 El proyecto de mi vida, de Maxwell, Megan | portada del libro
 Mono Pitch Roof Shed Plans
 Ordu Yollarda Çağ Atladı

--

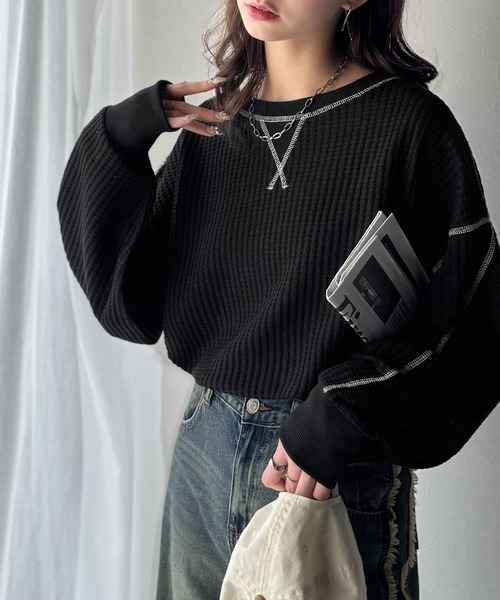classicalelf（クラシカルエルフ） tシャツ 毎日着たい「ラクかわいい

...

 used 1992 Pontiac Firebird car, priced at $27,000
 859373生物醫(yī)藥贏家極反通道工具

**WHAT THE TASK ASKS**
Write down exactly the span of lines above from the one containing "used 1992 Pontiac" to the one containing "859373生物醫(yī)藥贏家極反通道工具", both ends included.

**RESULT FOR THIS EXERCISE**
 used 1992 Pontiac Firebird car, priced at $27,000
 859373生物醫(yī)藥贏家極反通道工具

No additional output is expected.